Contents
A quick overview
This project is my internship work in JdeRobot open source organization which develops a collection of exercises and challenges to learn robotics in a practical way. The exercises mainly based on ROS and Gazebo simulator. The organization develops software(ROS and Gazebo based exercises) with a main focus on educational impact on user who is keen on learning and testing different robotics algorithms for various scenarios.
For the user, this template comes with an ACE editor on which he/she writes algorithm in python and see simulation result.
By the time I joined the organization, they were primarily working on new release 2.3 which is migrating all the available exercises to new web-templates paradigm. I decided to take on one of those exercises which is Global Navigation and it was quiet challenging for the migration.
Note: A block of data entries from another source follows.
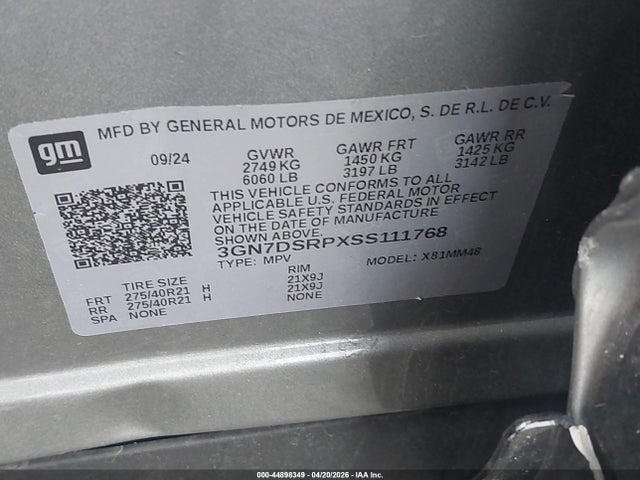 Chevrolet Equinox Ev Rs 2025 3GN7DSRPXSS111768 Image 9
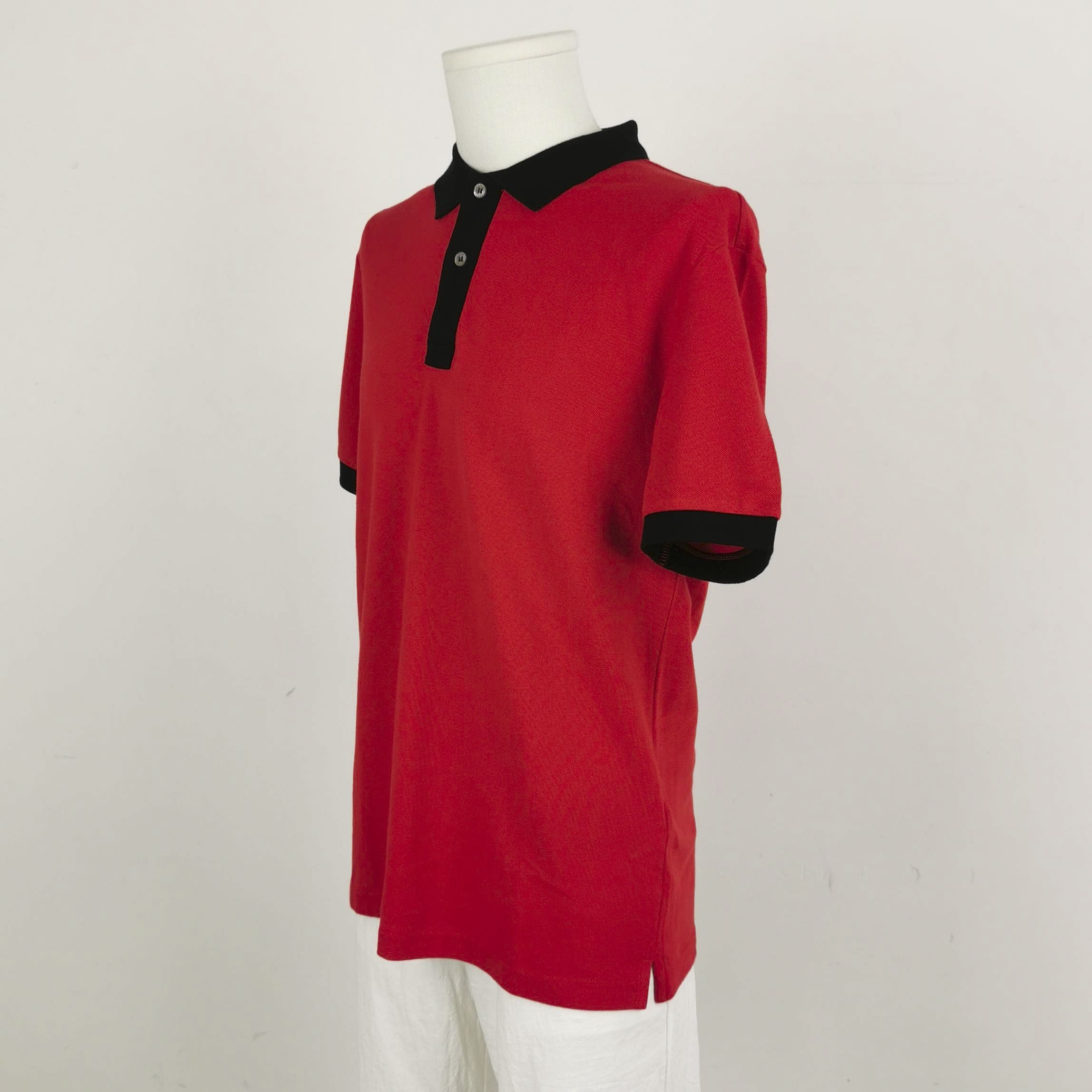 Prada Prada Colorblock Collared Cotton T-Shirt L Size US L / EU 52-54 / 3 - 3 Thumbnail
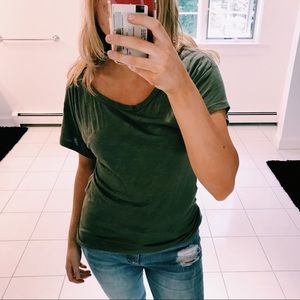 SOPRANO GREEN RUCHED TOP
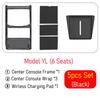 Wireless Charging Pad for Tesla Model YL Accessories 2026 Center Console Wrap Cover Silicone Anti-slip Armrest Protector Frame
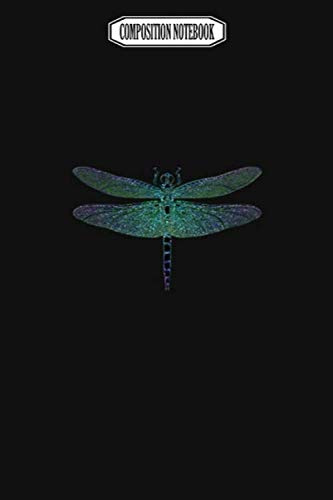 Composition Notebook: Iridescent Dragonfly Audioquest Blue Corkcicle Dragonflies Barrette Dragonfly Notebook Journal Notebook Blank Lined Ruled 6x9 100 Pages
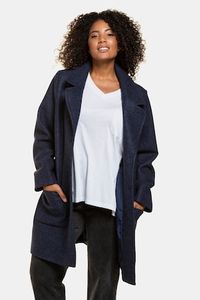 Ulla Popken Mantel, knoopsluiting, 2 zakken, volledig gevoerd - Grote Maten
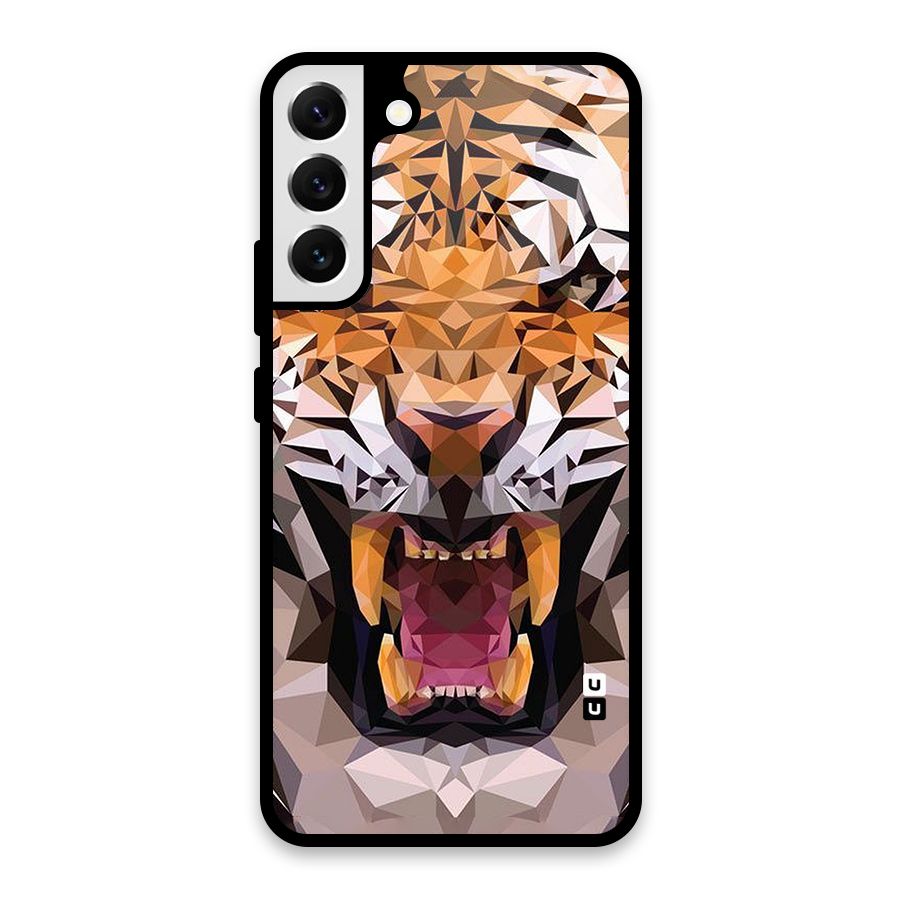 Tiger Abstract Art Glass Back Case for Galaxy S22 Plus 5G
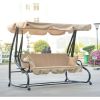 Outdoor 3-Person Canopy Swing for Porch Patio or Deck
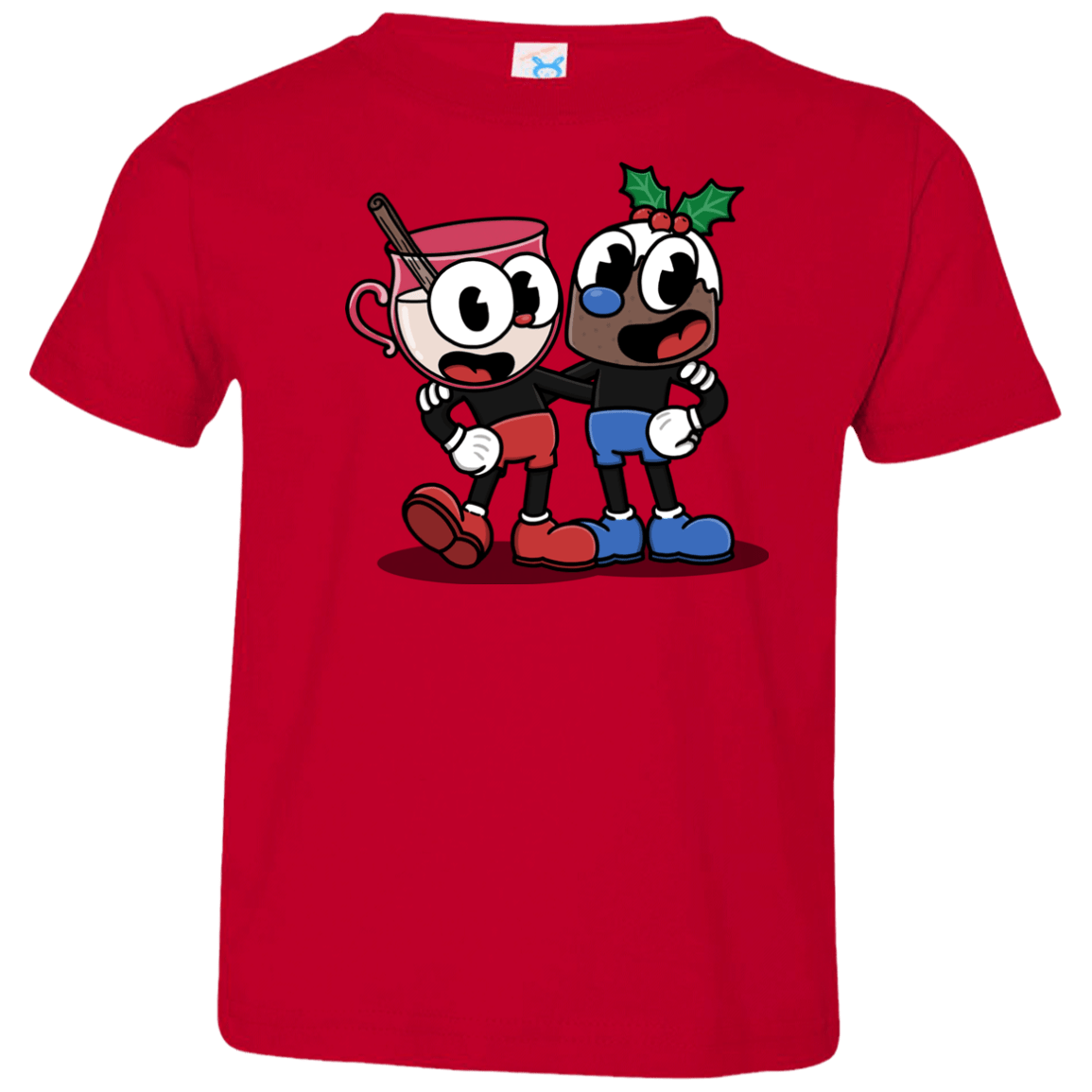 T-Shirts Red / 2T Eggnoghead and Puddingman Toddler Premium T-Shirt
Before I started, I studied their open sourced repository structure to better understand the source code.
Project references
Web Structure
As one can see the thumbnail image, it is a single page localhost web-template contains :-
- ACE editor for the user to code particular algorithm in python
- Gzweb client simulation window + noVNC viewer in which the robot acts upon user’s algorithm
- VNC Console for debugged informations
- Control widgets such as play/stop/reset the simulation
- Map image with canvas robot position to locate it on the map
Design Architecture
Tools used
- ROS-melodic(LTS) - It is main framework used for simulation environment.
- Two websocket connections : GUI websocket for sending sensor data published from gzserver to gzweb (server to client), etc and Code websocket for user queries such as change in the sensor data, interfaces, etc (client to server).
- Two python theads : GUI thread for starting GUI websocket server and brain thread for Code websocket server along with their respective components.
- Docker : We built a docker image contains all the dependencies for running the exercise and use it as server side to maintain minimal installation and set up a ready working environment for the user with a single command line. It is :-
docker run -it -p 8080:8080 -p 2303:2303 -p 1905:1905 -p 8765:8765 -p 6080:6080 -p 1108:1108 jderobot/robotics-academy python3.8 manager.py
- Port 8080 for Gzweb
- Port 2303 for GUI websocket
- Port 1905 for Code websocket
- Port 8765 for manager.py for setting up ROS environment for specific chosen exercise
- Port 6080 for vnc viewer for Gazebo
- Port 1108 for vnc viewer for console
Working principle on server side
Launch and world files
- It is suggested to run the launch file headless to be able to run Gzweb. Since the docker container handles a bundle of dependencies, running Gazebo GUI window inside the docker will consume too much CPU power.
- By launching it, only gzserver will be running behind the scene along with master node and other nodes.
Gazebo Models
- The gazebo models are taxi_holo_ROS and cityLarge that are come preinstalled with JdeRobot academy software. Since they come preinstalled, I simply got nothing to do with for using them.
- And they are loaded from CustomRobots repo by the docker image.
HAL.py (hardware abstratcion layer)
- From the master node, I take only two neccessary topics which are
/taxi_holo/odom
for the user to know robot position and/taxi_holo/cmd_vel
for the user to override the linear and angular velocities. - I subscribed to
/taxi_holo/odom
so that user gets updated robot position messages continously and published/taxi_holo/cmd_vel
and setting up linear and angular velocities to zero so that user can override any values they want to the message.
map.py
- Map with robot location provided on the template to monitor the robot.
- I extracted x,y coordinates and yaw (angle of rotation plane) from
/taxi_holo/odom
topic fromHAL class
and converted them from world coordinates to map coordinates and used them on canvas element. - Some components are needed to be translated from world coordinates to map coordinates and vice-versa. For those, created built-in modules which do the function for the user. For all the built-in modules details, please refer Ref 1
gui.py (GUI thread)
- In this, the GUI thread will be started that runs GUI websocket server.
- The components in this thread are measuring the frequency of it, sending built-in modules functions called by the user on the socket such as robot position parsed by
MAP class
, user’s debugged image which is GPP(Gradient Path Planning) and in CvMat form, 2D array points to show shortest path decided from path planning on the map, etc.
exercise.py (main launching file)(brain thread)
- Whenever user clicks widgets, the server gets the response from client and controls the simulations accordingly.
- The user code is sent to this websocket and executed using
exec()
function. - All the accessible built-in APIs are created for the user to use dynamically on the editor in
exec()
func. With the built modules as globals and empty dictionary as locals. - And the brain thread will be started when the user clicks
play
button and the code in the editor will be executed.